Goa is a dream destination among tourists from across the globe due to a plethora of reasons. Excellent road, rail and air connectivity, superlative lodging facilities, exhaustive cuisine and quality service make Goa an attractive proposition for travellers.
Apart from age-old heritage, rich legacy and enviable traditional lifestyle, the state has some innovative, distinct and modern imprints too. One such initiative that caught the imagination of the travellers is the Caravela Homestay.
Twenty-seven-year-old Carlos Noronha, along with his father, bought a 200-year-old villa and converted it into an elegant homestay. Carlos got the idea to start a homestay when he went to a friend’s house at Coorg in Karnataka after completing his graduation in 2014.
He got inspired by his friend’s initiative to run a homestay and thought of starting a similar facility in his home state Goa. And without further ado, Carlos purchased a 200-year-old villa built by Portuguese to kick start his business venture.
The homestay was opened when the idea of providing such lodging for tourists began to migrate from the European countries to India in 2014. The facility was given the appellation of ‘Caravela’ after the 15th century-built ship ‘Caravela’ in a bid to uphold the cultural heritage of the country like how the Britishers did. The floor of the homestay was laid with some of the material used in the ship.
The homestay is a modern facility and has a TV, Wi-Fi and air conditioner to ensure the comfort of the guests. In order to retain that vintage feel, the rosewood stairway and similar areas of the villa were left untouched along with the walls made of mud.

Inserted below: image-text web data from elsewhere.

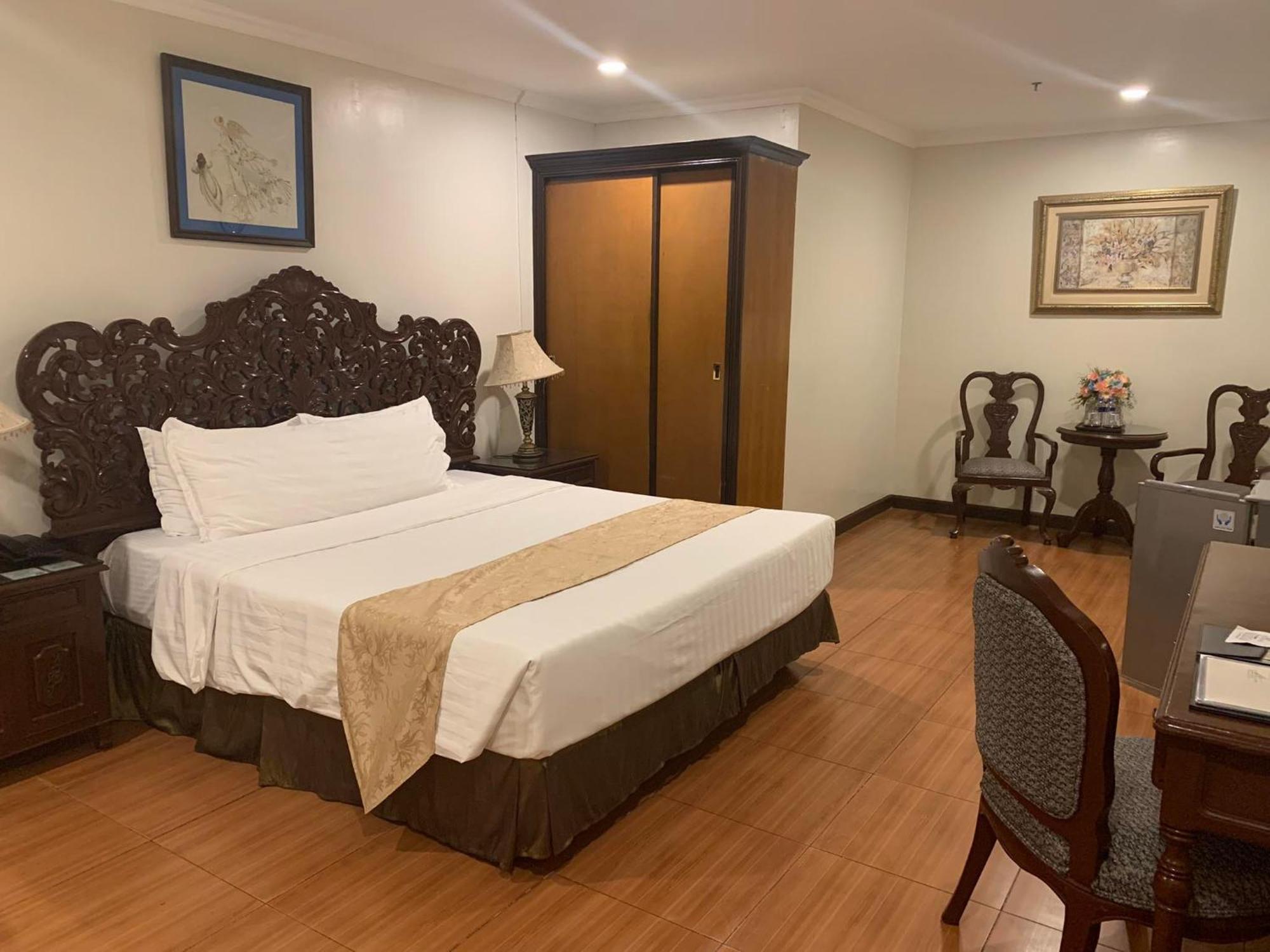 Crown Royale Hotel Balanga Exterior photo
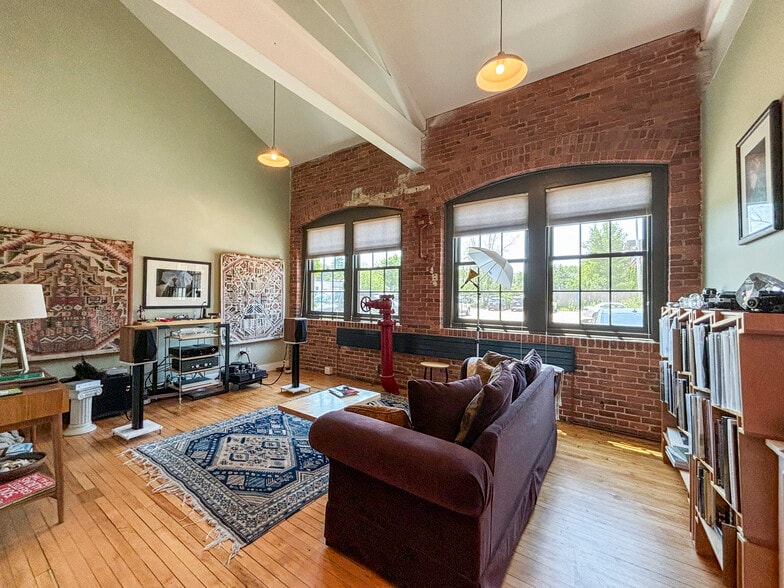 More Photos Of 959 Islington St, Portsmouth Freestanding For Lease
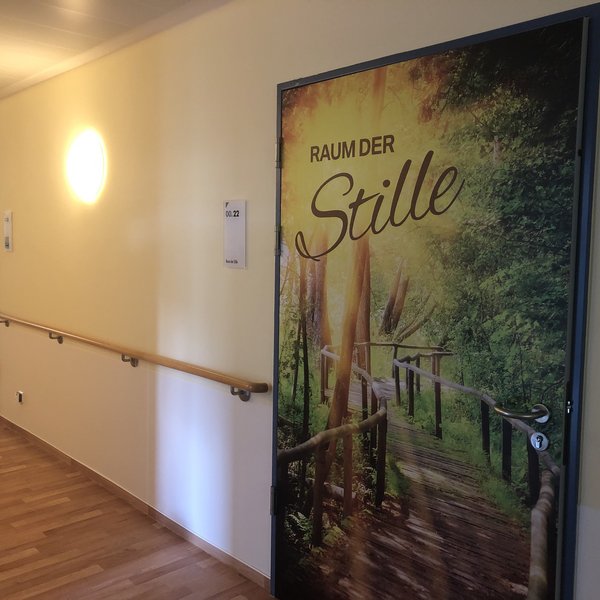Eingang vom Raum der Stille mit einer Wald bedruckten Tür im Hospiz des Sana-Krankenhauses auf Rügen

Caravel Homestay is in Panaji, which is a favourite hunting ground of budget travellers and backpackers. The venture is quite rewarding for Carlos as even during the off-season the revenue is close to Rs 3lakh per month. During the tourist season between November and January, the income would touch Rs 5lakh per month as both foreign and domestic tourists love to stay at this facility.
Carlos is also running a coffee shop, which serves sandwich, pizza and other delicacies, adjacent to the homestay. The monthly earning from the café itself is about Rs 20,000.
Currently, only a few rooms are available for the tourists due to the pandemic and Carlos is hoping that there would be brighter days from December.